## Input data
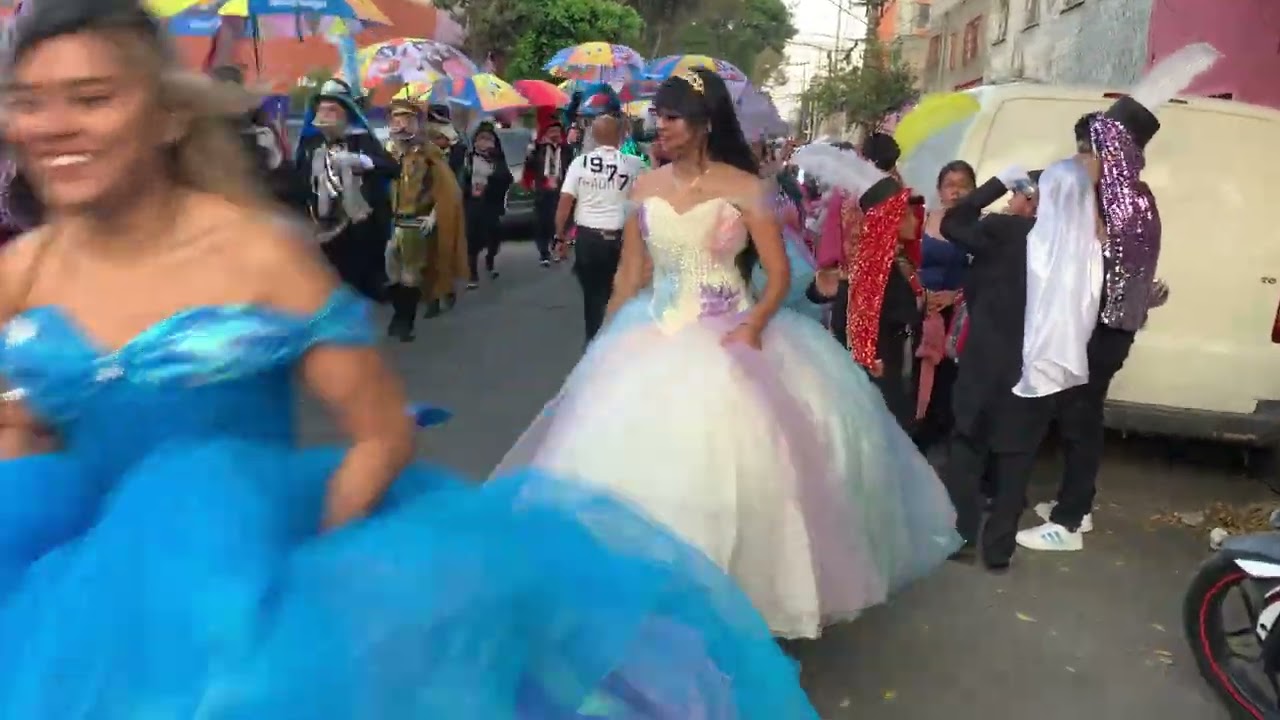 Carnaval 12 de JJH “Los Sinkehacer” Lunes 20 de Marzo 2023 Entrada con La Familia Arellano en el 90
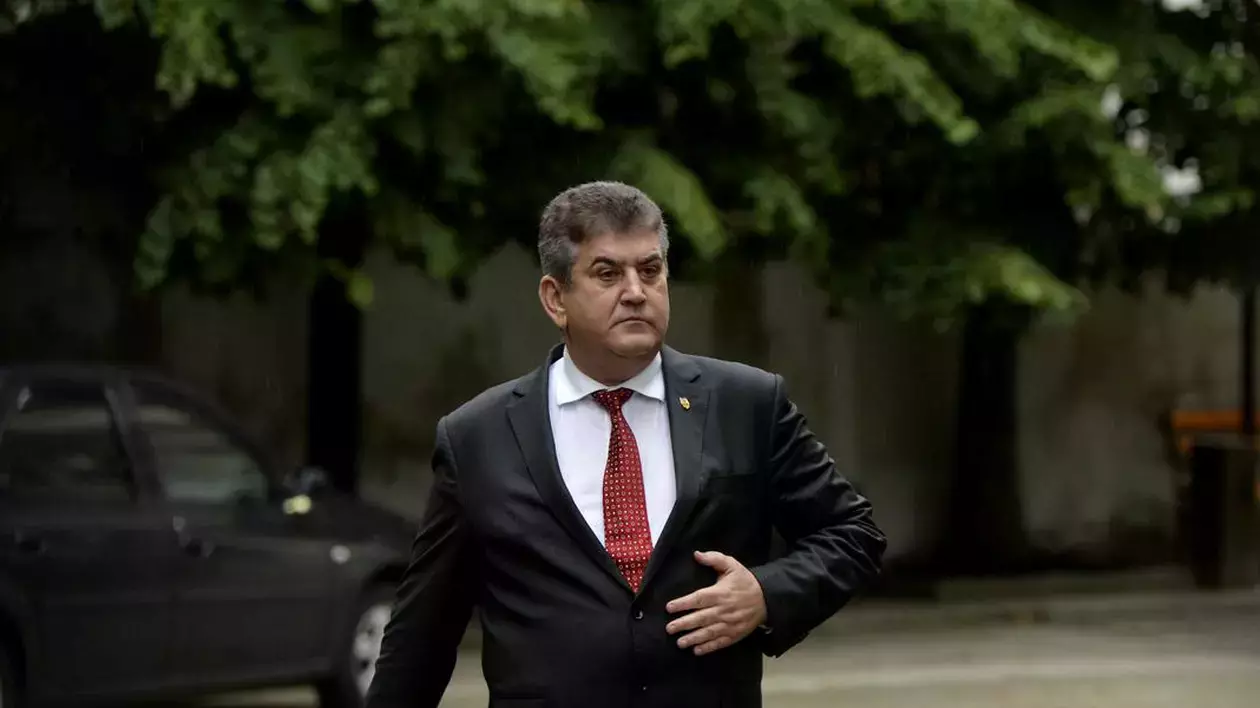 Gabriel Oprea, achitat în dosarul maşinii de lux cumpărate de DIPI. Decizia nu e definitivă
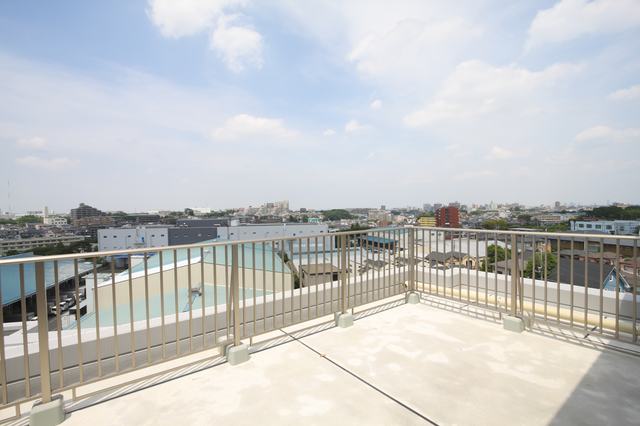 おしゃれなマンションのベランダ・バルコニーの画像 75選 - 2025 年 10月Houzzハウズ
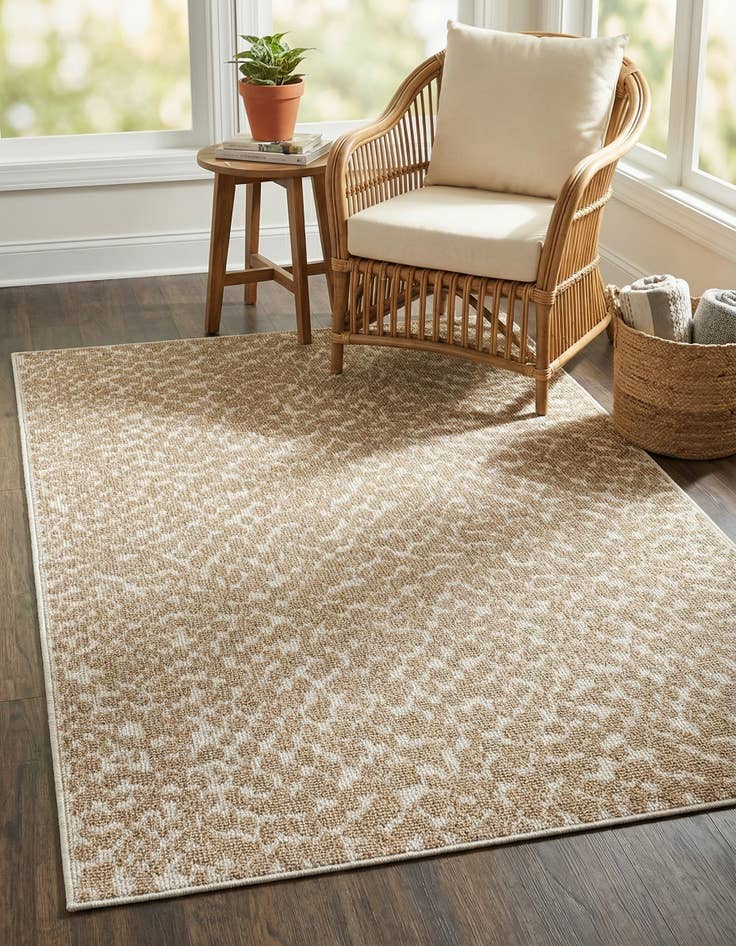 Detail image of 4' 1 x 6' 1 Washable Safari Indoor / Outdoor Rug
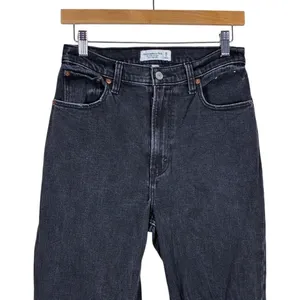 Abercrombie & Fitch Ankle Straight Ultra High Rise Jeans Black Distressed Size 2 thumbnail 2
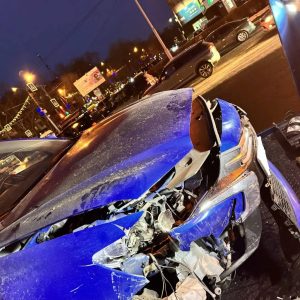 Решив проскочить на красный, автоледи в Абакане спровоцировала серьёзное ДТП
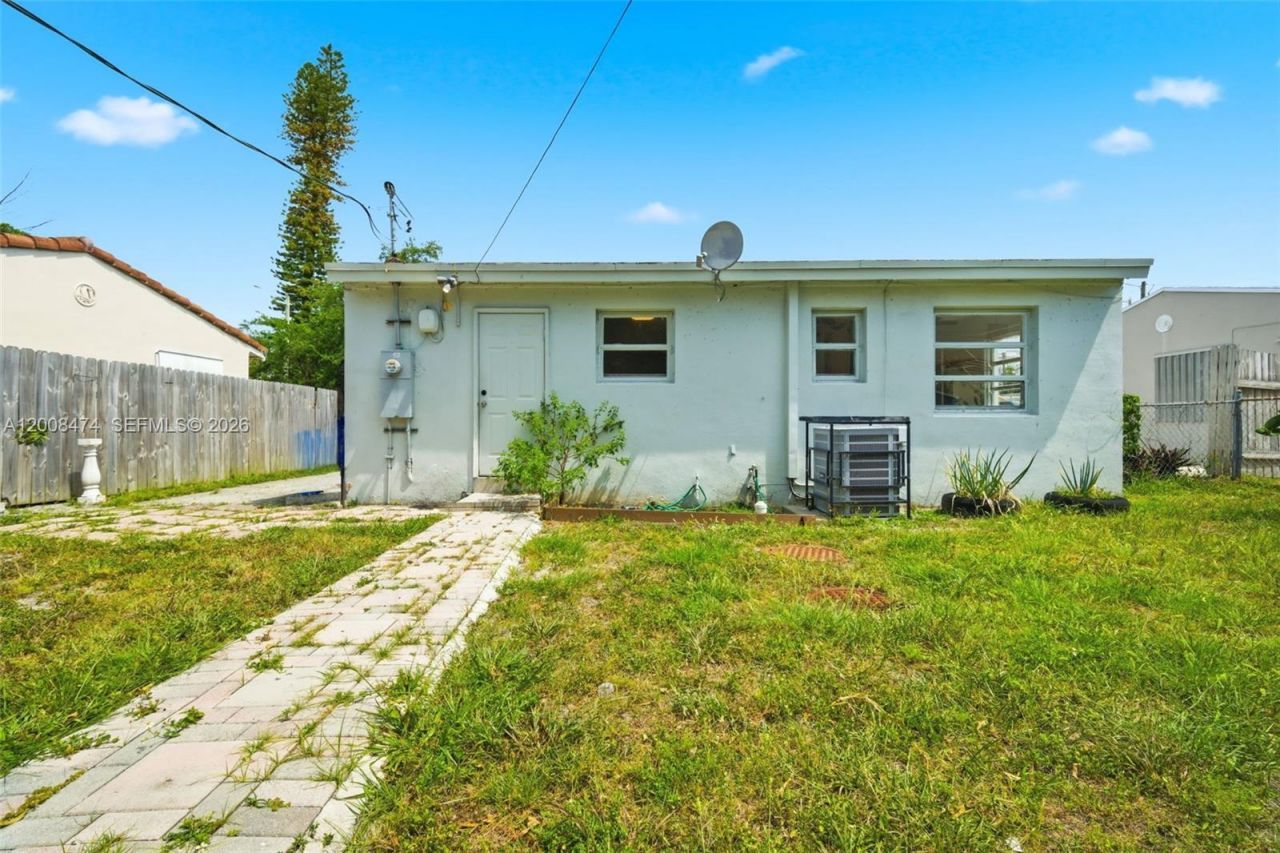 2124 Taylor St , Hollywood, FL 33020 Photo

...

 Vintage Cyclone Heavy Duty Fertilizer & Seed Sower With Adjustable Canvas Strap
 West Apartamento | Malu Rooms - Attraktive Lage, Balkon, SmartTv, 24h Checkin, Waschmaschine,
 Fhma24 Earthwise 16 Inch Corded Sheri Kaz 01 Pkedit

==

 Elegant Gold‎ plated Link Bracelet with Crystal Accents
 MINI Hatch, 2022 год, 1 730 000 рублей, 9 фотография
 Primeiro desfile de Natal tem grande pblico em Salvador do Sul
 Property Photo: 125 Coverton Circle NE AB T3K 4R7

## Your objective
Reproduce exactly the entries above, limited to the lines from the one with "Vintage Cyclone Heavy" through the one with "Fhma24 Earthwise 16", both included.

## Completed exercise
 Vintage Cyclone Heavy Duty Fertilizer & Seed Sower With Adjustable Canvas Strap
 West Apartamento | Malu Rooms - Attraktive Lage, Balkon, SmartTv, 24h Checkin, Waschmaschine,
 Fhma24 Earthwise 16 Inch Corded Sheri Kaz 01 Pkedit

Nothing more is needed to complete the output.